12. 12. 2014

MC-IPC: A Synchronous IPC Protocol with Strict Bandwidth Isolation Guarantees for Mixed-Criticality Multiprocessor Real-Time Systems


Björn B. Brandenburg

MPI SWS


In mixed-criticality real-time systems, tasks of different criticality (i.e., of different "importance" and subject to varying levels of trust) are hosted on a shared hardware platform. In such a setup, highly critical tasks must be temporally and logically isolated from faults in (untrusted) lower-criticality tasks. To ensure the required logical isolation, it is natural to encapsulate shared resources (such as shared data structures, OS services, access to I/O ports, etc.) in resource servers (in the microkernel sense) that are accessed via IPC. To provide the required temporal isolation, the shared resource servers must be accessed with a real-time-aware IPC protocol. This talk will present MC-IPC, the first such protocol for sharing single-threaded resource servers on multiprocessors among mutually untrusted clients of differing criticality.
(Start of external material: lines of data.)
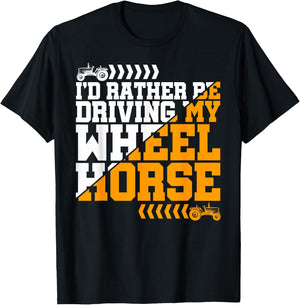 Farmer Wheel Horse Farming Tractor T-Shirt - T-Shirt | Black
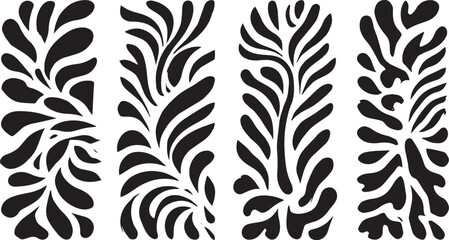 set of grunge leaf and Flower doodle hand drawn line stroke.  black hand Vector illustration vector design on  transparent background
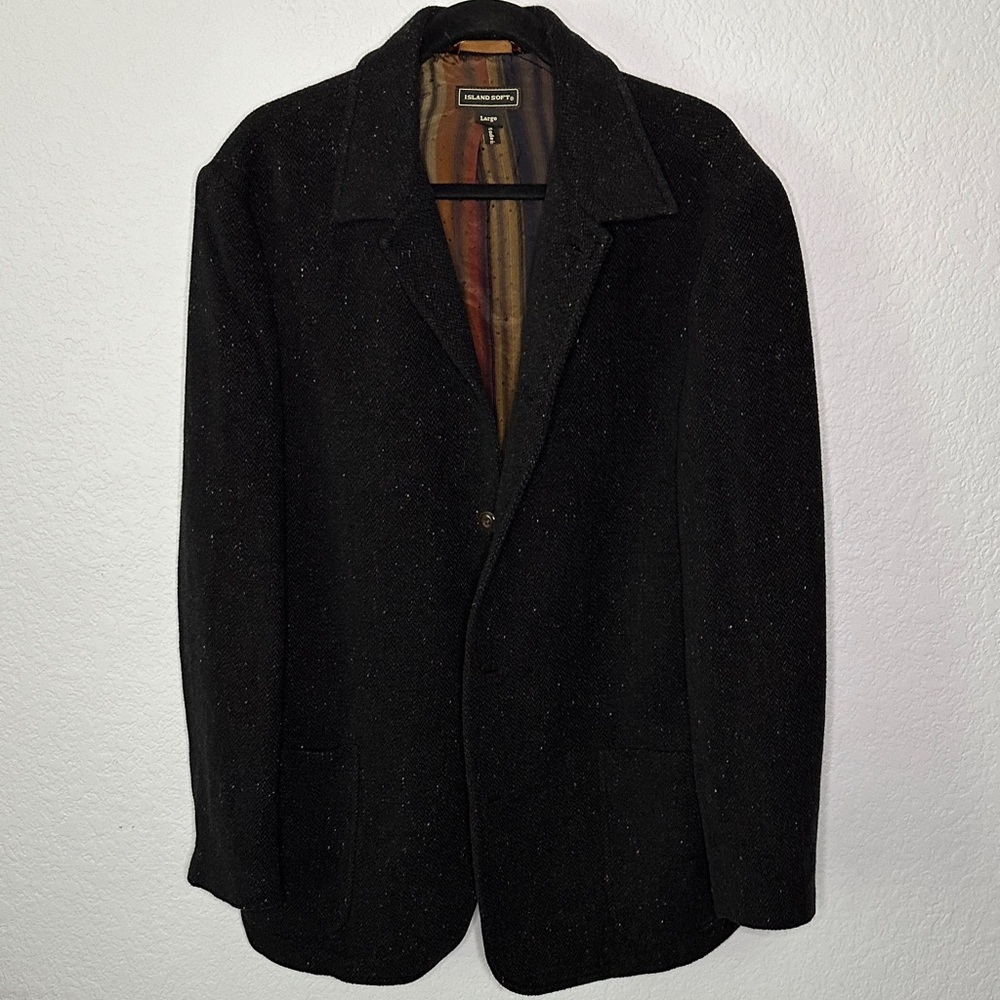 Island Soft Men’s Tweed Sweater Blazer Blue Speckled Large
Assuming reservation-based scheduling, the MC-IPC protocol ensures strict bandwidth isolation by leveraging and extending recent advances in suspension-oblivious multiprocessor real-time locking. In this talk, I will introduce the protocol, explain how the isolation guarantees are derived from an unusual three-level, multi-ended hybrid FIFO-FIFO-priority queue, and present empirical results from a case study investigating several antagonistic failure modes based on an implementation in LITMUS^RT.